1. Sample interruption. Take a certain amount of metagenomic DNA and break it with Covaris ultrasonic crusher.
2. Clip size selection. After interrupting the sample beads, the fragments are selected so that the sample strips are concentrated around 200-400bp.
3. End repair, add A (adenine) base, joint connection. Prepare the reaction system, react at suitable temperature for a certain time, repair the end of double-stranded cDNA, and add A base to the 3 'end, prepare the joint connection reaction system, and react at suitable temperature for a certain time to make the joint connect with DNA.
4. PCR reaction and product recovery. The PCR reaction system was prepared, and the reaction procedure was set up to amplify the linked products. The amplified products were purified and recovered by magnetic beads.

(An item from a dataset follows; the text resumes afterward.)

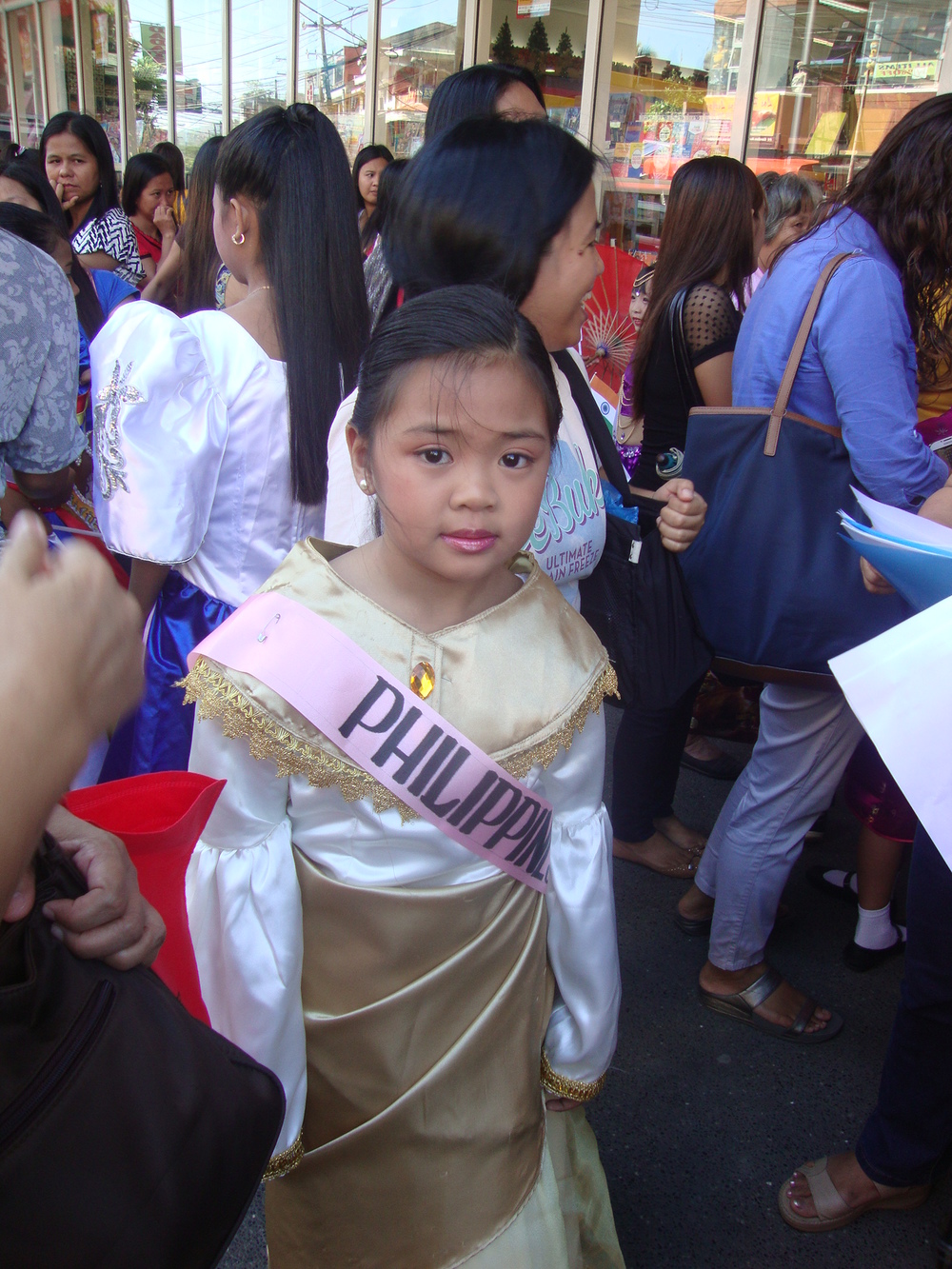Филипините, сая или филипиниана е филипинската национална рокля
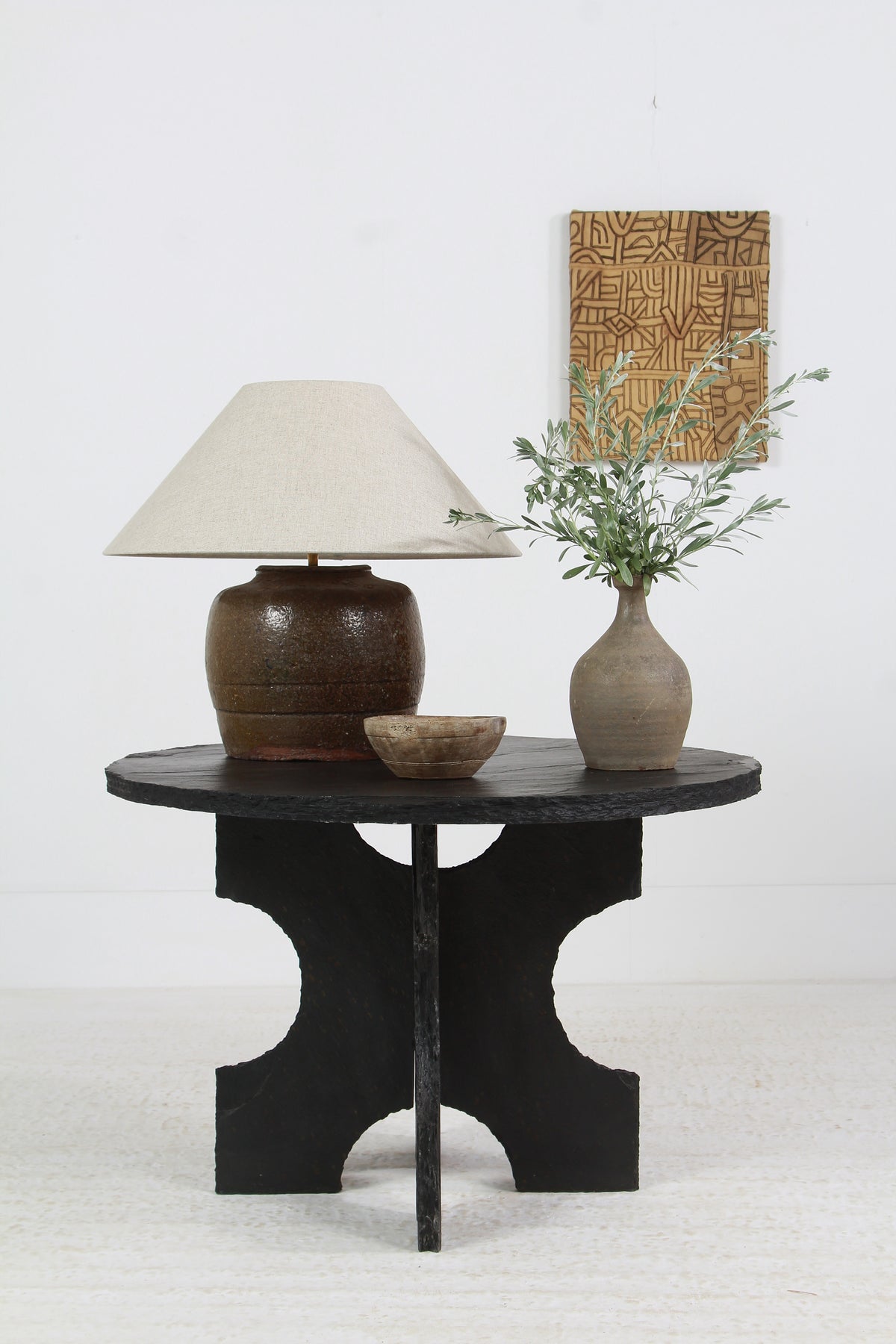 STYLISH BLACK RIVEN SLATE SCULPTURED PEDESTAL /CENTRE/LAMP /TABLE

5. Cyclization of the product. After the PCR product was denatured into a single chain, the cyclization reaction system was prepared, and the single-chain ring product was obtained by fully mixing the reaction at the right temperature for a certain time. After digesting the uncyclized linear DNA molecule, the final library was obtained.

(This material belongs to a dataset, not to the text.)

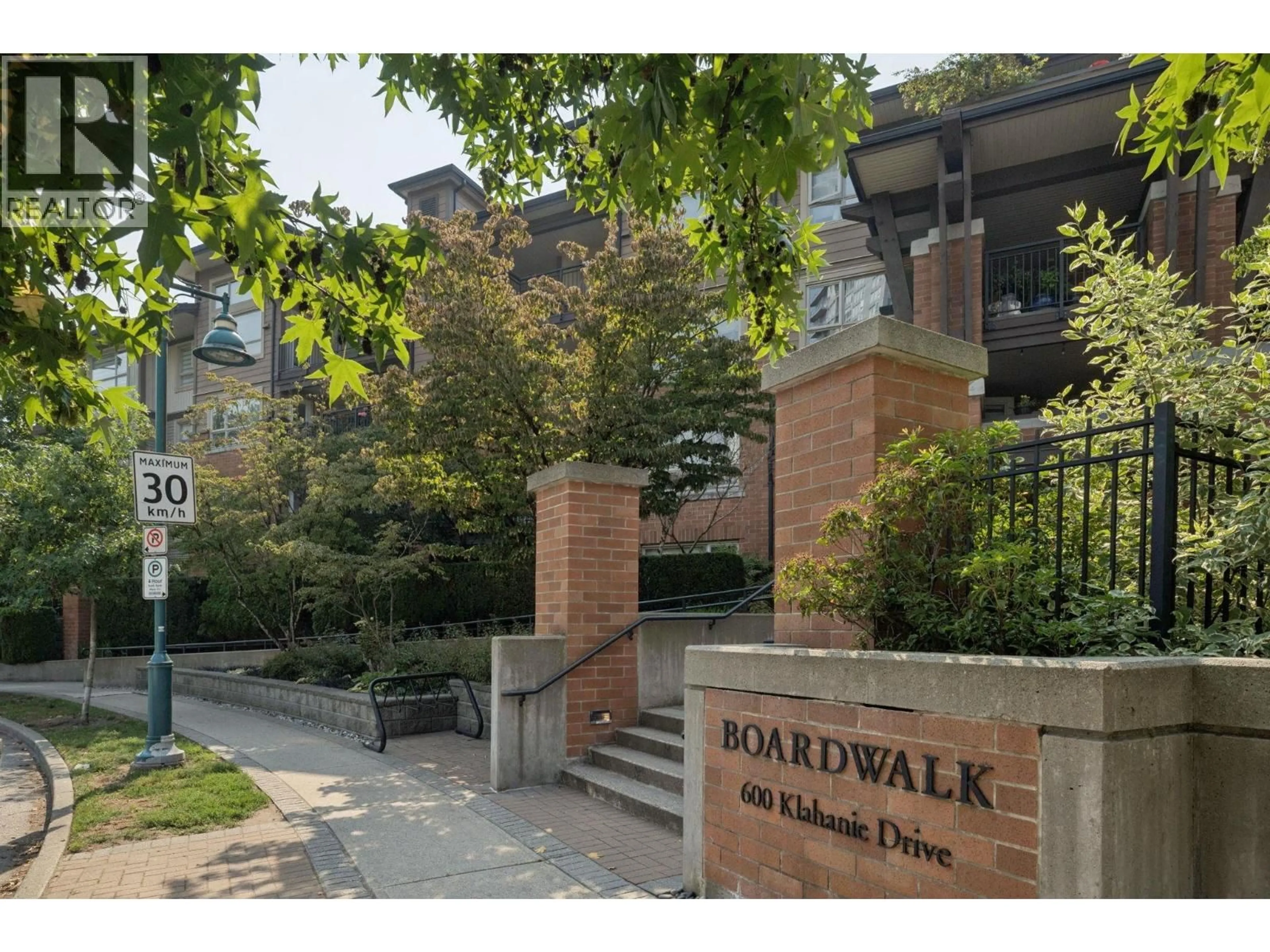 Indoor foyer for 109 - 600 KLAHANIE DRIVE, Port Moody British Columbia V3H5L2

6. Library detection. The cyclization product was used to detect the concentration before going on the machine.

Sequencing

Qualified libraries will be sequenced on DNBSEQ-G400 or DNBSEQ-T7. Single-stranded circular DNA molecules are replicated by RCA to form a DNA nanoball (DNB) containing multiple copies. The DNBs will be loaded onto sequencing chips and sequenced. The read length will be PE150 as default.

Bioinformatics pipeline

1. Quality control of sequencing reads and removal of host reads: use SOAPnuke to filter the raw data, use  Bowtie2  to align the sequences to the host genome and remove the aligned sequences, and generate clean Data.

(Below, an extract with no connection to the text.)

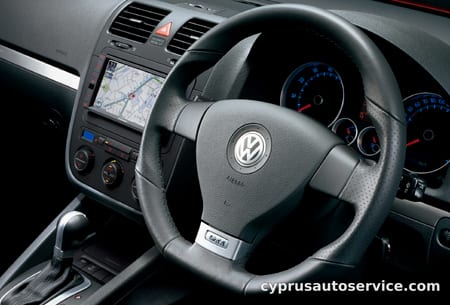 VOLKSWAGEN GOLF GTI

2. Function annotation: use MEGAHIT to assemble the sequence based on  k-mer  to generate contigs, and then use  MetaGeneMark  to predict the gene sequence in  contigs . Use  CD-HIT software to de-redundant the obtained genes, use  Salmon  software to count the relative abundance of each gene, and then use  DIAMOND  or RGI to annotate non-redundant genes in  databases including eggNOG, KEGG, BacMet, CARD, COG, CAZy and Swiss-prot.
3. Species annotation: use  Kraken2  to align the reads to the self-built database (NCBI NT database or  UHGG database after screening) to calculate the sequence number of species contained in the sample, and then use  Bracken2  to estimate the abundance of the species in the sample.
4. Based on the gene abundance table, species abundance table and function abundance table, the distribution of genes, species and functions can be visualized. Calculate Alpha diversity, Beta diversity. Perform species or functional abundance cluster analysis, PCA, PLSDA, PCoA  and  NMDS  analysis, and sample cluster analysis. Differences in species composition and functional composition between samples were detected using Wilcoxon/Kruscal, T-test/ANOVA, LEfSe  analysis, and KEGG pathway enrichment analysis (Reportscore method).
5. In-depth association studies combined with environmental factors, pathological indicators or special phenotypes can provide a theoretical basis for further research and utilization of species and functions of samples.